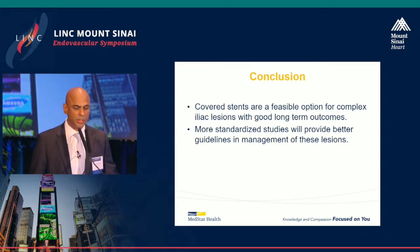To conclude, covered stents are a feasible option for complex iliac lesions with good long-term results. We need more standardized studies to give us a real recommendation, because technology is rapidly changing and we may have to rethink the way we do things. Thank you.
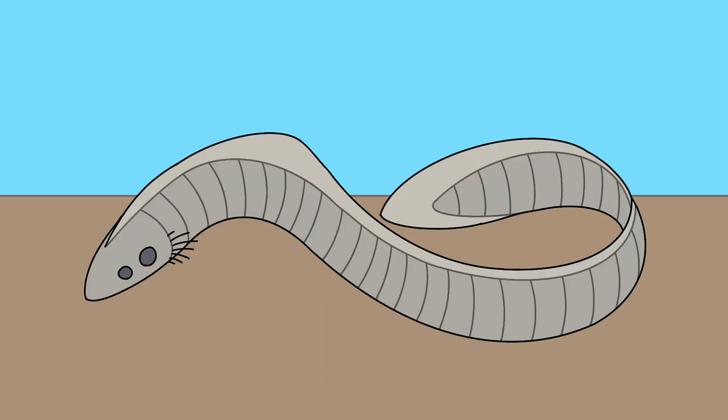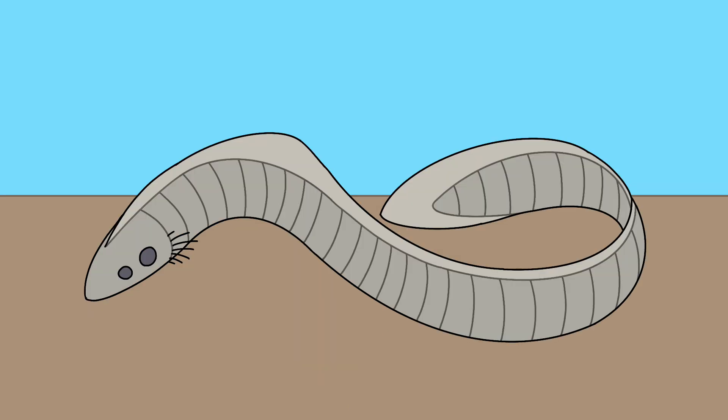With abundant prey, some arthronautens have adapted to feed on a wide variety of prey, becoming the orthoichthys. They have evolved four blade-like teeth for cutting and slicing prey, and a stiffened rod of tissue similar to a backbone for better muscle attachments. A single dorsal fin lining the back provides better mobility.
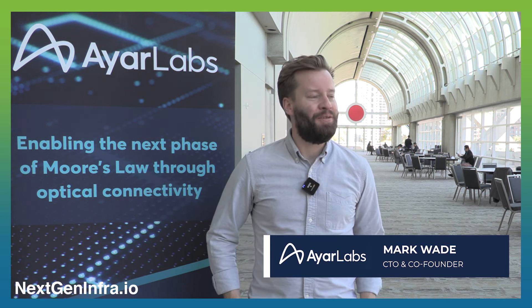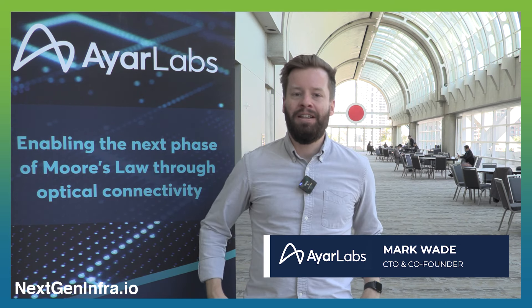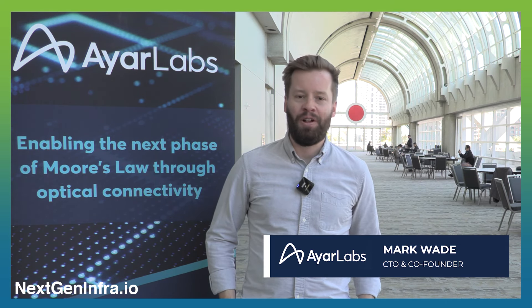So what's hot at OFC this year? It's great to be back in person. It's been a few years since we've seen all of our colleagues here, so seeing a lot of familiar faces and getting to meet face-to-face really adds kind of an energy to it that's been missing for a couple of years.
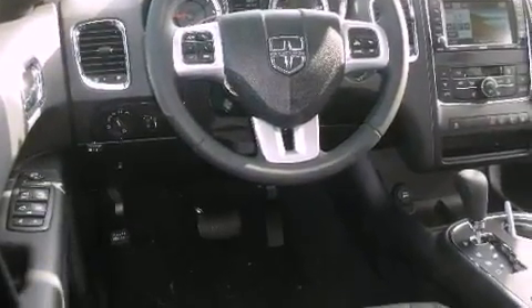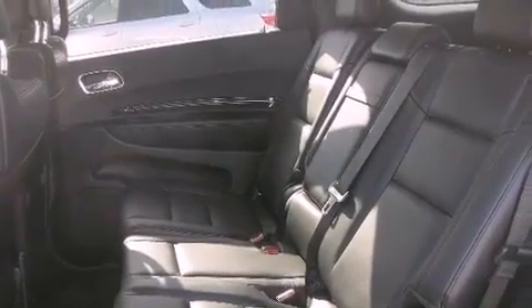Also included are a Sentry key theft deterrent system, a passenger side vanity mirror, an anti-lock braking system, heater vents for rear-seated passengers, and roof rails.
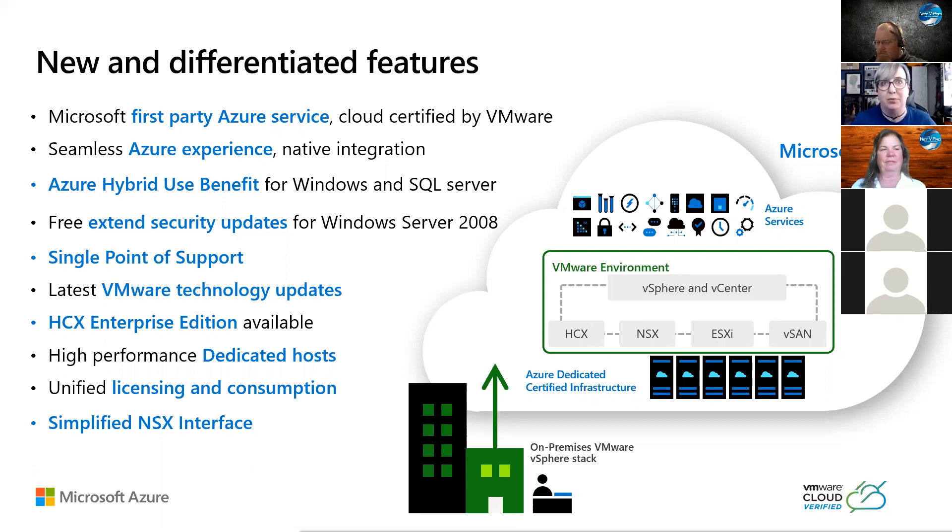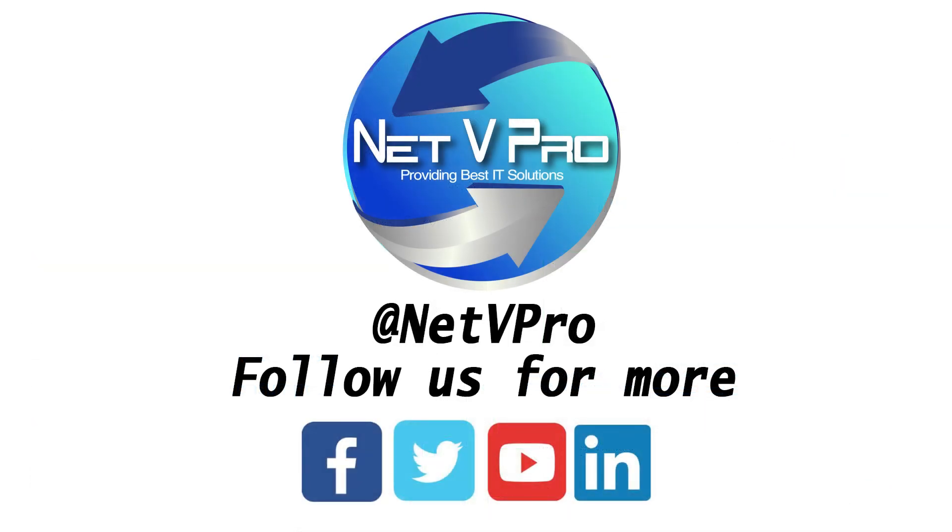There's a simplified NSX interface as well. A lot of customers embraced NSX at different points, and some customers chose not to embrace NSX. For those who didn't, they can actually use the Azure portal to configure those aspects of things.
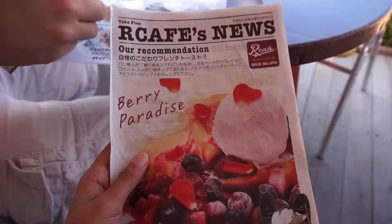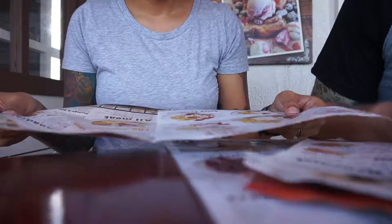Their menu is printed on these cute little newspaper looking things, although it's a bit annoying when it's windy outside.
· · ·
DIRECTIONS
If you see a picture in the listing, skip it while copying everything else exactly.

SOLUTION
To conclude, covered stents are a feasible option for complex iliac lesions with good long-term results. We need more standardized studies to give us a real recommendation, because technology is rapidly changing and we may have to rethink the way we do things. Thank you.
With abundant prey, some arthronautens have adapted to feed on a wide variety of prey, becoming the orthoichthys. They have evolved four blade-like teeth for cutting and slicing prey, and a stiffened rod of tissue similar to a backbone for better muscle attachments. A single dorsal fin lining the back provides better mobility.
So what's hot at OFC this year? It's great to be back in person. It's been a few years since we've seen all of our colleagues here, so seeing a lot of familiar faces and getting to meet face-to-face really adds kind of an energy to it that's been missing for a couple of years.
Also included are a Sentry key theft deterrent system, a passenger side vanity mirror, an anti-lock braking system, heater vents for rear-seated passengers, and roof rails.
There's a simplified NSX interface as well. A lot of customers embraced NSX at different points, and some customers chose not to embrace NSX. For those who didn't, they can actually use the Azure portal to configure those aspects of things.
Their menu is printed on these cute little newspaper looking things, although it's a bit annoying when it's windy outside.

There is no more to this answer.